Is the polar bear, pictured above, one of the first documented cases of a polar bear dying because of the devastating effects of man-made climate change? Dr Ian Stirling, renowned polar bear expert, thinks so.
A new climate report released yesterday shows that the Arctic lost record amounts of sea ice last year. And this is forcing animals to travel further away from their natural territories in search of food. Especially hard-hit are polar bears who feed almost exclusively on seals which they can only hunt on sea ice. "From his lying position in death the bear appears to simply have starved and died where he dropped," Stirling said. "He had no external suggestion of any remaining fat, having been reduced to little more than skin and bone."
The polar bear had in previous years been found and examined in the southern part of Svalbard by scientists from the Norwegian Polar Institute.

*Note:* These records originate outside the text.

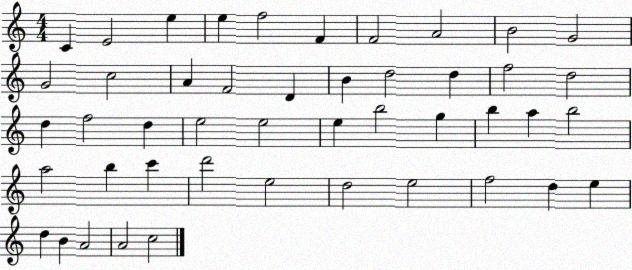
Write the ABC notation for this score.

X:1
T:Untitled
M:4/4
L:1/4
K:C
C E2 e e f2 F F2 A2 B2 G2 G2 c2 A F2 D B d2 d f2 d2 d f2 d e2 e2 e b2 g b a b2 a2 b c' d'2 e2 d2 e2 f2 d e d B A2 A2 c2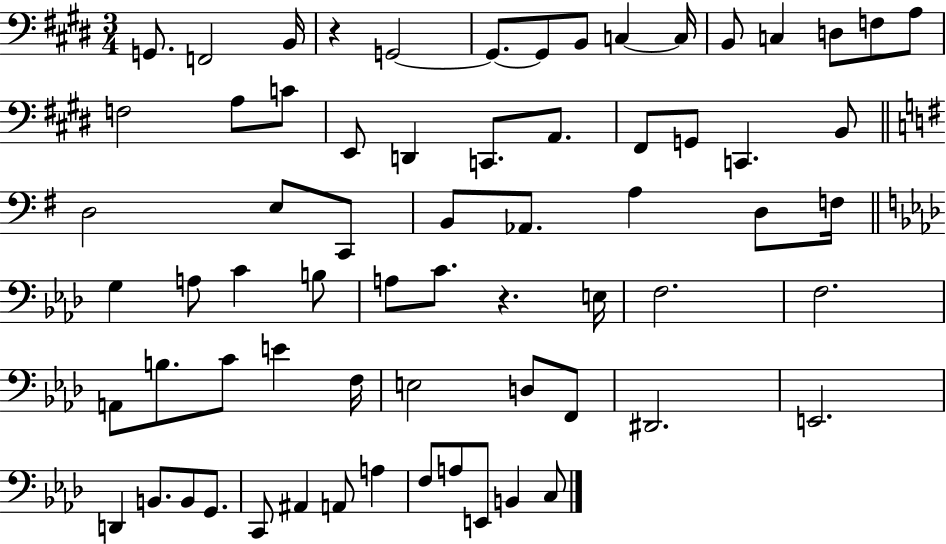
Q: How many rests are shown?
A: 2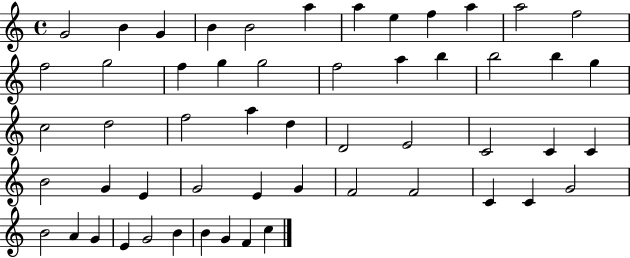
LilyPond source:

{
  \clef treble
  \time 4/4
  \defaultTimeSignature
  \key c \major
  g'2 b'4 g'4 | b'4 b'2 a''4 | a''4 e''4 f''4 a''4 | a''2 f''2 | \break f''2 g''2 | f''4 g''4 g''2 | f''2 a''4 b''4 | b''2 b''4 g''4 | \break c''2 d''2 | f''2 a''4 d''4 | d'2 e'2 | c'2 c'4 c'4 | \break b'2 g'4 e'4 | g'2 e'4 g'4 | f'2 f'2 | c'4 c'4 g'2 | \break b'2 a'4 g'4 | e'4 g'2 b'4 | b'4 g'4 f'4 c''4 | \bar "|."
}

Back then he appeared healthy. But in July, the same polar bear had managed to travel 250 km to the northern parts of Svalbard - an unusual far journey away from its normal hunting grounds. Stirling believes that the lack of ice forced this polar bear to travel this far away in an unsuccessful attempt to search for food.
"The sea ice break up around Svalbard in 2013 was both fast and very early," Prond Robertson, at the Norwegian Meteorological Institute said. And previous years had been just as bad. "Warm water entered the western fjords in 2005-06 and since then has not shifted," Robertson said.